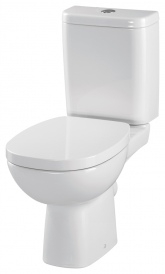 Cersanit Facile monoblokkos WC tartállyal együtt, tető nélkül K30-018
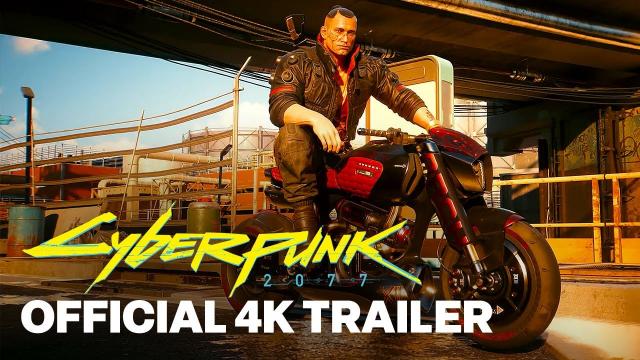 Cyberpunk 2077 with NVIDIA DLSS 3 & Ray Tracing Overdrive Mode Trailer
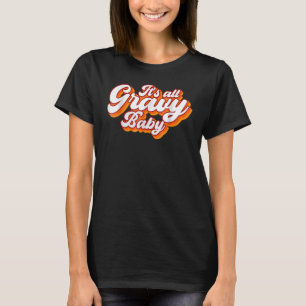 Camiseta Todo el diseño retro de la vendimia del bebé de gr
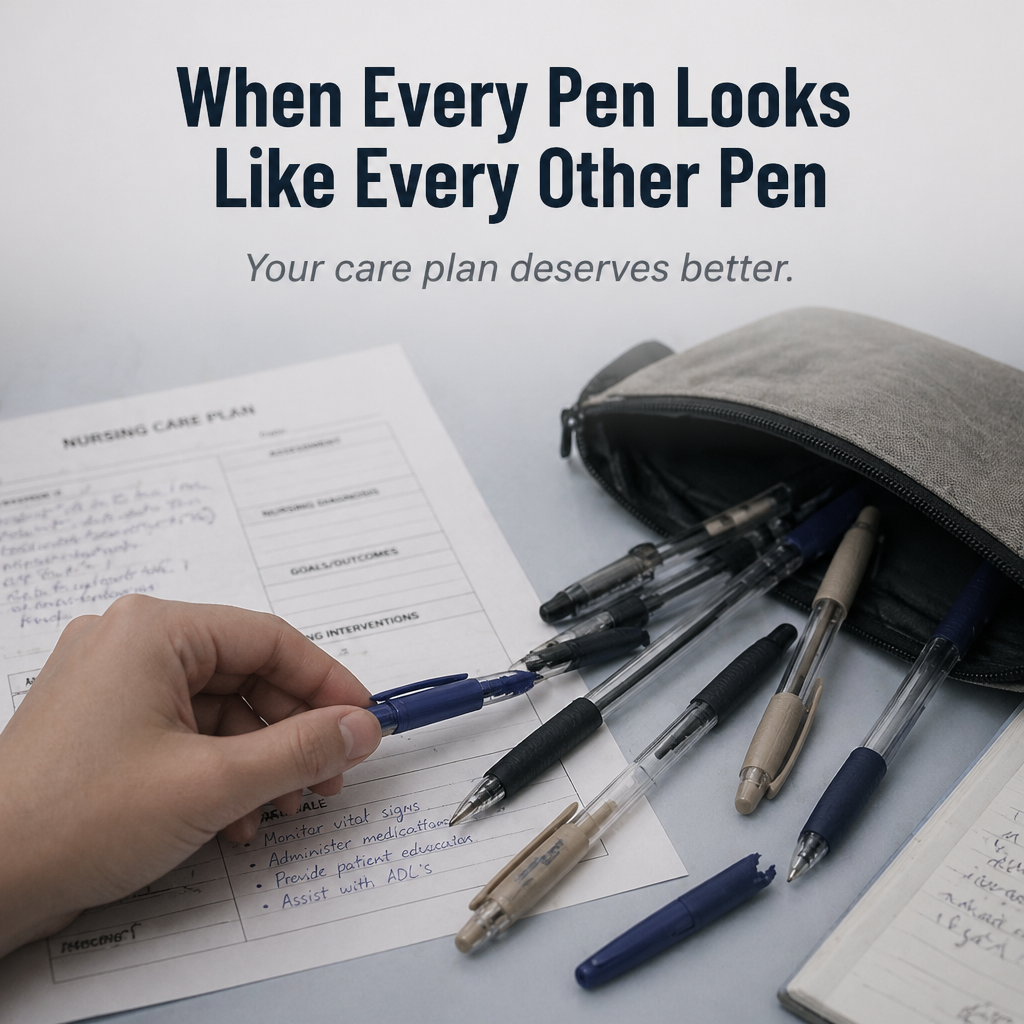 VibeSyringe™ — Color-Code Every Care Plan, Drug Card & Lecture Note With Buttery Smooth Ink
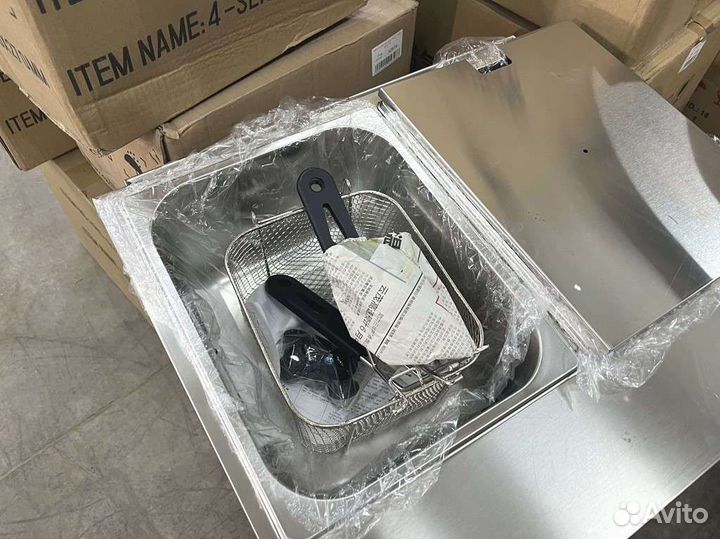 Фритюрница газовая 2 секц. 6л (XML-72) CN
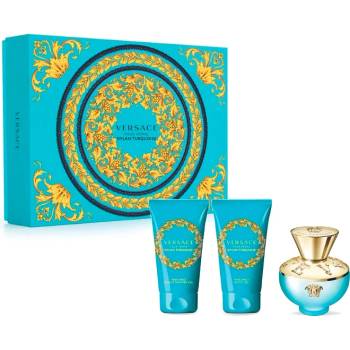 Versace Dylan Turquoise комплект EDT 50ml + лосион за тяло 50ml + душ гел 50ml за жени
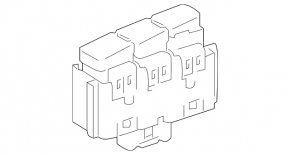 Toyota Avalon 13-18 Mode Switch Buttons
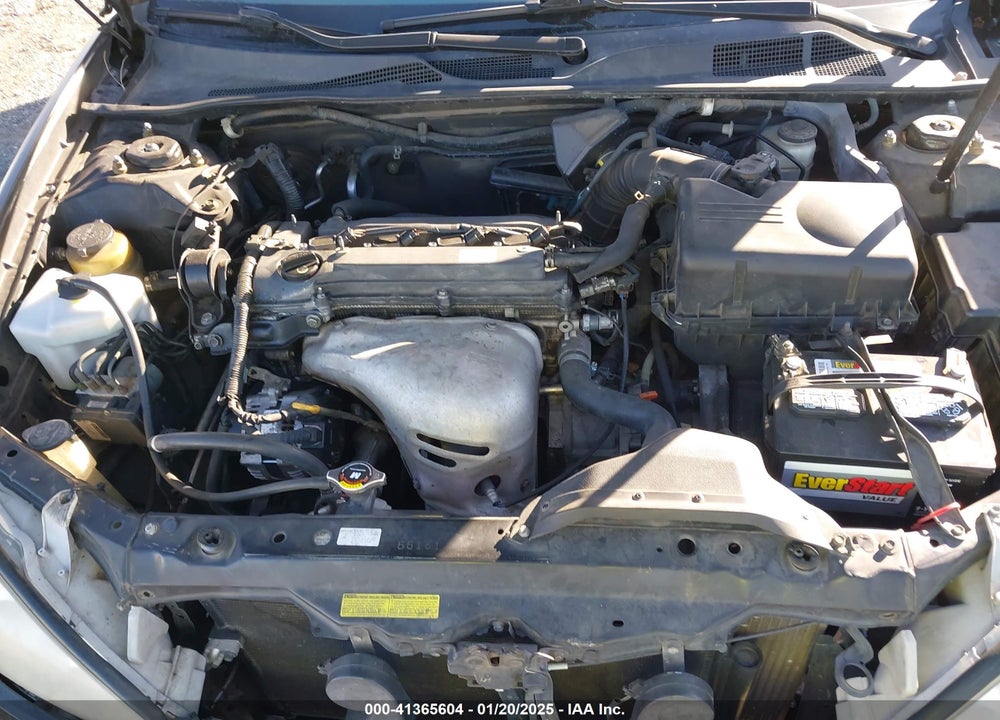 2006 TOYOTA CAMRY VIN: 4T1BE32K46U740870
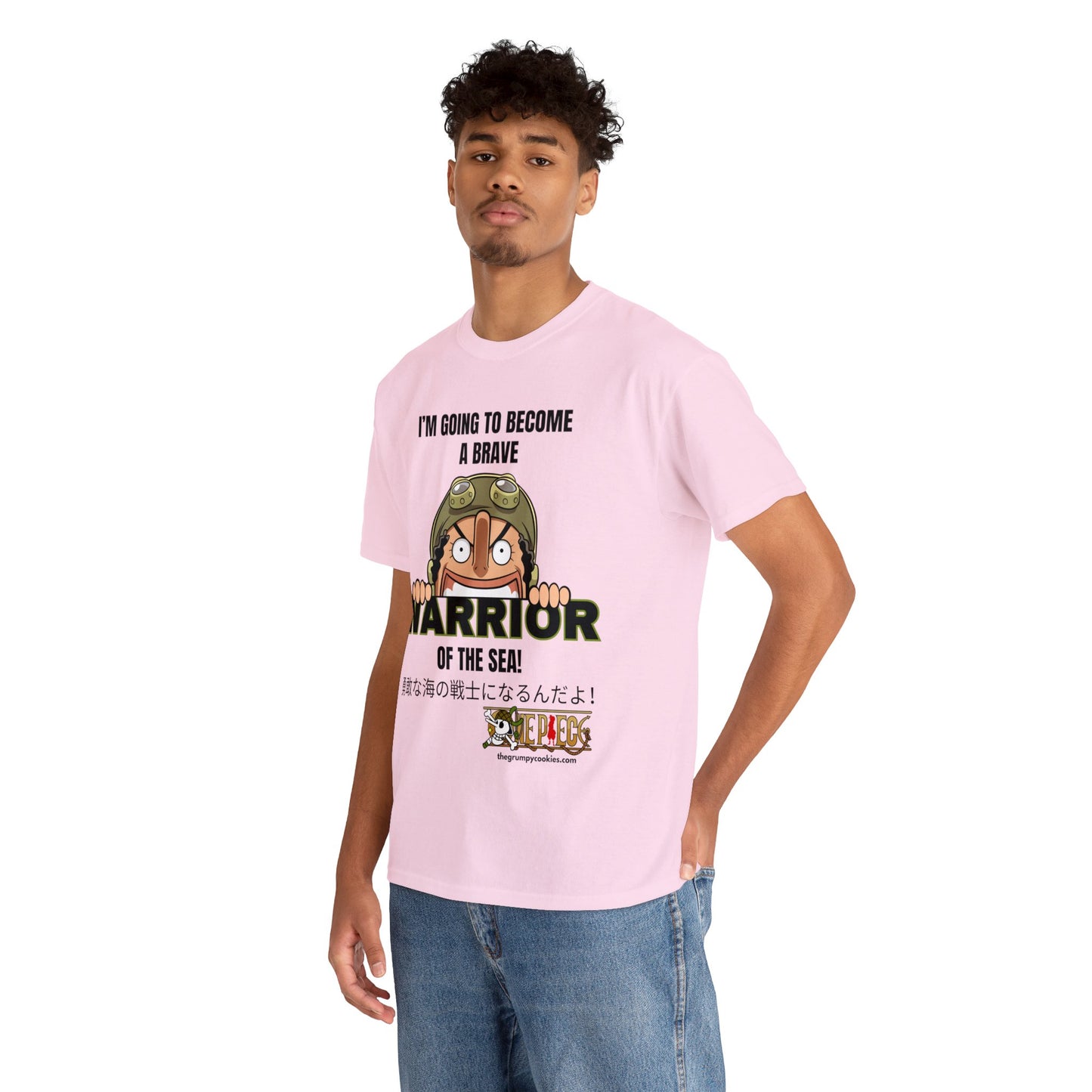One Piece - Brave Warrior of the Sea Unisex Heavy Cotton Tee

******************************

* [TASK DESCRIPTION] What do the lines above say from the line containing "Cyberpunk 2077 with" through the last line? Quote them exactly, both ends included, and leave out the pictures.

* [ANSWER SPACE]
 Cyberpunk 2077 with NVIDIA DLSS 3 & Ray Tracing Overdrive Mode Trailer
 Camiseta Todo el diseño retro de la vendimia del bebé de gr
 VibeSyringe™ — Color-Code Every Care Plan, Drug Card & Lecture Note With Buttery Smooth Ink
 Фритюрница газовая 2 секц. 6л (XML-72) CN
 Versace Dylan Turquoise комплект EDT 50ml + лосион за тяло 50ml + душ гел 50ml за жени
 Toyota Avalon 13-18 Mode Switch Buttons
 2006 TOYOTA CAMRY VIN: 4T1BE32K46U740870
One Piece - Brave Warrior of the Sea Unisex Heavy Cotton Tee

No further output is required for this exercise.